Slack Chat: Model interpretability and liability

yevgeni Debaters, gather up! Time to start the second in our slack chat series on the ethics of AI. Last time we discussed the topic in a broad sense. This time we’ll focus on the more specific topic of algorithmic interpretability.

tyler Reporting for duty!

yevgeni Right on time Ty! Awesome!

kathryn Roger!

yevgeni Shall we jump right in?

kathryn Absolutely!

(a few minutes pass…)

kathryn (We have a soldier down) Maybe our neural network got hacked and this is Shadow Tyler! Have you looked into Ian Goodfellow’s work on AI security issues, where a hacker could come in and generate a fake data set that skews end results?

yevgeni OMG that would be a totally ironic representation of what this series of debates is about!

kathryn Exactly! I mean, one of the key issues with interpretability is that we expect systems (or people) to behave in a certain manner, and get confused when they don’t.

yevgeni Tyler does love performance and Gricean maxims. Wouldn’t put it past him to be doing this intentionally to illustrate the discomfort created when systems don’t behave like we expect them to — I mean, his Zoom ID shows up as Niels! We never know who the hell it is!

tyler Ack, sorry another Slack channel called. I’m back!

kathryn (And Tyler had an explanation for his behavior…)

tyler And yes I was trying to be uninterpretable. Did it work?

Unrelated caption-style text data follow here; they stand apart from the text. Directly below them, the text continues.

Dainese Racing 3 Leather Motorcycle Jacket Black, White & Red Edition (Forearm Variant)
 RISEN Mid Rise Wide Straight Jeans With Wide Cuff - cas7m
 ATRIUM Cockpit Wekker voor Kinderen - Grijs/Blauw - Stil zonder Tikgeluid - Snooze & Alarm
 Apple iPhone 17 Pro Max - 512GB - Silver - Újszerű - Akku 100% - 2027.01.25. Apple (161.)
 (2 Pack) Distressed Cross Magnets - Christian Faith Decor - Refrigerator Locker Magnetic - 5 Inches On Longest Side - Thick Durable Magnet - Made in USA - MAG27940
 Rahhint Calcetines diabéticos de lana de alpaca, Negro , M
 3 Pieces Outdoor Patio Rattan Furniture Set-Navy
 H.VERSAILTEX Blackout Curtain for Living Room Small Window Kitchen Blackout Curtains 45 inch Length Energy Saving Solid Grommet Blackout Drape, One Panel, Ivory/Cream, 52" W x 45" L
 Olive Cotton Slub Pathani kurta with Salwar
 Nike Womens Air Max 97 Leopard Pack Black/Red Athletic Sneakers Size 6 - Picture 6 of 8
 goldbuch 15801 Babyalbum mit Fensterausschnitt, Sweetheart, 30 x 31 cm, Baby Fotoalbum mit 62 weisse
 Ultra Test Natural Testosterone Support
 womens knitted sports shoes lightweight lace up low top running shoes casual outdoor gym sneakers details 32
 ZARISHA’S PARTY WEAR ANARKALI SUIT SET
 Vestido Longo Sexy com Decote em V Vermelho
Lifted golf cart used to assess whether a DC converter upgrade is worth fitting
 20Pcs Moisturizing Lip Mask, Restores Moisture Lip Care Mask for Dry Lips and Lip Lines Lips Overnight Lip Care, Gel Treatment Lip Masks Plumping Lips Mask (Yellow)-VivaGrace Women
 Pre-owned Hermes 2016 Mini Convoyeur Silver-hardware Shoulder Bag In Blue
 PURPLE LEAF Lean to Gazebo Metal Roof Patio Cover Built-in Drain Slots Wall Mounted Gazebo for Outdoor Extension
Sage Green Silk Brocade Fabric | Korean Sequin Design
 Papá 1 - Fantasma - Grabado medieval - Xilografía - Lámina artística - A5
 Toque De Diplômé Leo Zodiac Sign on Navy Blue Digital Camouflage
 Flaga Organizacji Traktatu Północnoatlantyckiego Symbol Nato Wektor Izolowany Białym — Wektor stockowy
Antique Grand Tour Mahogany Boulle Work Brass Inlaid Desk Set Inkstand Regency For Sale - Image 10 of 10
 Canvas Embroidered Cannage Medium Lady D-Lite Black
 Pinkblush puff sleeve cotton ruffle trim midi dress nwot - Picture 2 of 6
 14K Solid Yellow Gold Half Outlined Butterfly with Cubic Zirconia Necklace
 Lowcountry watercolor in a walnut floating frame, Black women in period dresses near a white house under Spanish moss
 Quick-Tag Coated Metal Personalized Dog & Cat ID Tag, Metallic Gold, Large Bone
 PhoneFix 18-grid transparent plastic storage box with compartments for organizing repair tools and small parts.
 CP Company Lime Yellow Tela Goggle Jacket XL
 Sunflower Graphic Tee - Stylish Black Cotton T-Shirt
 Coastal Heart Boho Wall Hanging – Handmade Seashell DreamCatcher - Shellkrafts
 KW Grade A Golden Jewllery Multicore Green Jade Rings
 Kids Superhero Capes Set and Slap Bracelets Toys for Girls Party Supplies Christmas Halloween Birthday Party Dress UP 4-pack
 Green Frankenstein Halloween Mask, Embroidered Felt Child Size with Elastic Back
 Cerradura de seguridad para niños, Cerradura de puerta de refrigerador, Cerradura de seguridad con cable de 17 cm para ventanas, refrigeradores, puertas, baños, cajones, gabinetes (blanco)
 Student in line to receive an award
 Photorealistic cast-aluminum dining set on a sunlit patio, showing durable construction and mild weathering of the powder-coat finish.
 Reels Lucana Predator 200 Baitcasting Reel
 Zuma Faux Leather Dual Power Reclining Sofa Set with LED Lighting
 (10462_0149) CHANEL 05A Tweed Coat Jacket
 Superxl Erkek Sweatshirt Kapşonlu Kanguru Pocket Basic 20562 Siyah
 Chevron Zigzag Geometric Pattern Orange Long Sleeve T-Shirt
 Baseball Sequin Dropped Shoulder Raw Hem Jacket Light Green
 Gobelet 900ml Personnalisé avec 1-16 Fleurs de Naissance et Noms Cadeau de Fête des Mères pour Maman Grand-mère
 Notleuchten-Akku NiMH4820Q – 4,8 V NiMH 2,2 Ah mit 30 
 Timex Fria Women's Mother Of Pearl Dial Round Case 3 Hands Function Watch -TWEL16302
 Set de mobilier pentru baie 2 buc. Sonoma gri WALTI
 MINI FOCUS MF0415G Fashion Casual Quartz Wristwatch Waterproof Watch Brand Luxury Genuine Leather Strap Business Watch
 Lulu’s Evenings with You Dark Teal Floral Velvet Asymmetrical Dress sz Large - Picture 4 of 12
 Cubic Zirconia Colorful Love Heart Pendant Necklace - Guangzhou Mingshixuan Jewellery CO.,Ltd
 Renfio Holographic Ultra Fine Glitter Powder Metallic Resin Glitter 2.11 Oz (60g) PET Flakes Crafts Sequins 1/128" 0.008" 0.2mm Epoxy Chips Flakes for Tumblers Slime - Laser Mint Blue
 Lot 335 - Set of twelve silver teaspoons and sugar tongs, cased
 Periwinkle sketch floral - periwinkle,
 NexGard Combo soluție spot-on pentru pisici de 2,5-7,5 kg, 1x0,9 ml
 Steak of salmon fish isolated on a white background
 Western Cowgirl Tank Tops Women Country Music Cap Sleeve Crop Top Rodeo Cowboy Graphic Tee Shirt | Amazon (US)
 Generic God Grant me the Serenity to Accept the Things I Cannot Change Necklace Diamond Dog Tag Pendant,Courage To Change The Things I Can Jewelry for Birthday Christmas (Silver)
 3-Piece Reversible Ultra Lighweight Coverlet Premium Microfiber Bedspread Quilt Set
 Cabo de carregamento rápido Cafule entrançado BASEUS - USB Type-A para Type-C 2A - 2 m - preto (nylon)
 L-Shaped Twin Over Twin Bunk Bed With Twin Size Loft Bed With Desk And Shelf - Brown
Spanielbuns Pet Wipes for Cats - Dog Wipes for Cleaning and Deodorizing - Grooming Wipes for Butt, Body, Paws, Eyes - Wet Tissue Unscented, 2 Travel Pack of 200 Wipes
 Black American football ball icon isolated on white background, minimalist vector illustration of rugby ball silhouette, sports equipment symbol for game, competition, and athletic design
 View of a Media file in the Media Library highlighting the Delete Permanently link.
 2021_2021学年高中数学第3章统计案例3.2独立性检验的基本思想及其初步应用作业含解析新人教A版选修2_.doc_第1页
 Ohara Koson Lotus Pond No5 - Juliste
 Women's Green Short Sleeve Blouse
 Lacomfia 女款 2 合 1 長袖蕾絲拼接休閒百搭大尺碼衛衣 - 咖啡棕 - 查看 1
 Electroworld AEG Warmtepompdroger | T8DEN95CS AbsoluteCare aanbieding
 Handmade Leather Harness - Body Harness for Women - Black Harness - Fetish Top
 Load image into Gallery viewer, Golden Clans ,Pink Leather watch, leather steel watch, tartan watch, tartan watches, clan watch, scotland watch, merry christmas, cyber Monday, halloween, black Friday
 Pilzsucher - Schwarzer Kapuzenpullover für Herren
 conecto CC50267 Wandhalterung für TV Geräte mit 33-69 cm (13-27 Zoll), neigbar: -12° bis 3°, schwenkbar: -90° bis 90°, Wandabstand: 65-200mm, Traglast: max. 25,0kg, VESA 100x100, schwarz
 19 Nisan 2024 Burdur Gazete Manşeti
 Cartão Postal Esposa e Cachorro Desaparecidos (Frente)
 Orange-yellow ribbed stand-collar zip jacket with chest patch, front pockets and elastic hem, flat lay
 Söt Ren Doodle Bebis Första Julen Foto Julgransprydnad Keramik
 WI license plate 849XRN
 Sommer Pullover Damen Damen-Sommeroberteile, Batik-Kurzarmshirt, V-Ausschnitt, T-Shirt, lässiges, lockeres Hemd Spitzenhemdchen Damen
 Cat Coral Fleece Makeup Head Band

yevgeni You’re a true black box!

tyler One of my favorite professors would do this test in undergrad classes: He would try hard to give a non-sequitur and not have people make it make sense. In one case, someone asked when a quiz was happening and he looked out the window and said, “My, the sky is blue today”

kathryn LOL

tyler His intention was to just say something random but all the students assumed what you and I might: that he was saying “look at the f’ing syllabus.” The fun stuff here is Gricean maxims (good call out yevgeni), and “Be Relevant” is one of the top ones.

yevgeni So you’re saying that he was interpretable, but the exact interpretation was user specific?

tyler That’s right, they conformed him to conventions, “People don’t do non sequiturs” and put an interpretation on him. Usually we can count on calculating other people’s intentions. In an AI sense, the question about a black box is “is there an intention?”

kathryn This reminds me a bit of the film Ross Goodwin generated using a recurrent neural network.

The script is like TOTAL NONSENSE. But the combination of the acting and our interpretation made sense of it. We impose meaning where it might not exist (fancy Greek word for this is apophenia, perceiving connections between apparently random things).

(But I want to make sure we give Yev a chance to ask questions!)

tyler I trained a character-based RNN and turned the temperature up high and it invented this phrase: “amplusiatial underward”

yevgeni HAHA I suppose I could, but this is a great side path the we fell through!

tyler “You see? What about your home,” said Erica, and looked at the coat behind him.

(Okay, I’ll stop)

kathryn (interpretable)

yevgeni So, before Shadow Tyler hijacked our convo, I was going to ask what it means for a model to be interpretable?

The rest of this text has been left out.